Let’s consider that the LNDD system achieves perfect m45 and m44 alignment. Apart from the fact that it’s probably not achievable, it would mean that the blank, non-doping sample only just escaped a false positive. What does that say about the threshold of delta –3 ?. Also, it would mean that the LNDD manual adjustment method changed a correct result to become incorrect by more than delta –1.6. That’s way beyond their claimed uncertainty figure of +/- 0.8 and would call their competence into question.
We’re only left with one other option, and that is that the LNDD system results in the m45 leading the m44 by some finite amount, resulting in the 5aP appearing more negative than it really was. That would explain why the blank almost tested positive. That would explain why LNDD manually altered the result for the blank to make it look less negative. It would also explain why all of Floyd’s 5aP results appeared far more negative than they actually were.
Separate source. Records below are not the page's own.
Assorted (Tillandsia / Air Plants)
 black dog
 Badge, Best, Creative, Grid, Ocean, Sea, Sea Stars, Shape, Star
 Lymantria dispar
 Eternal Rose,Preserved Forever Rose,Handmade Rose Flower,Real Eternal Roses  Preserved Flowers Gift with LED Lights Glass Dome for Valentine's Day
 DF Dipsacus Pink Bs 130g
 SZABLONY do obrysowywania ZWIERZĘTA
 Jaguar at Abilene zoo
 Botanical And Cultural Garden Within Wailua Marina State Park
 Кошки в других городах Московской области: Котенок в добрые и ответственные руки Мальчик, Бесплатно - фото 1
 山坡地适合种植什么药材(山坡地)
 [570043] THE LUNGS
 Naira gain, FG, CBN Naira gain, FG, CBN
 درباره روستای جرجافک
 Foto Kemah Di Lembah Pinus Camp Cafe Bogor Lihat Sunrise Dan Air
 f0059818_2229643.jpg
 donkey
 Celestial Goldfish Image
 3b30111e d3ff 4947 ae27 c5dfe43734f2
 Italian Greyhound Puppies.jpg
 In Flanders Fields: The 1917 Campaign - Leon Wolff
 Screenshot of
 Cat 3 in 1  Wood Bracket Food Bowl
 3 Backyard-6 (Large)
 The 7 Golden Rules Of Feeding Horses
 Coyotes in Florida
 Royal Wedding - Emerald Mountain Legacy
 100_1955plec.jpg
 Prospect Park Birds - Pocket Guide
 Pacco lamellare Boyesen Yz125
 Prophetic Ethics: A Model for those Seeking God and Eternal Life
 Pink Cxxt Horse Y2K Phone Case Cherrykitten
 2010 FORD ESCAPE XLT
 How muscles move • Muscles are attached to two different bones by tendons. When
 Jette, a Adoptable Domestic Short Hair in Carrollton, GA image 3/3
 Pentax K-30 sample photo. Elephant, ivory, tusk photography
Far more negative? We’ve established that the error is proportional to degree of overlap. Look at the blank F3 chromatograms. The degree of overlap between the 5bP and the 5aP is negligible, but that was enough to make the blank almost test positive. Now look at Floyd’s F3s.
Noticeably more overlap.
For those calling us idiots, let's remember that we are not talking about the actual lag between the peaks, but lags produced when the software attempts to account for the actual lag and fails to to a perfect job. Such software more or less works adequately when there are no overlaps in peaks. As we've shown, when there are minor errors in this compensation, overlapped peaks can be systematically measured with inaccurate results.
We've shown here that it is possible to reconcile Brenna's study and WM-A's theory in a way that leaves it less likely that LNDD got correct results.
Which seems like a perfect place to stop.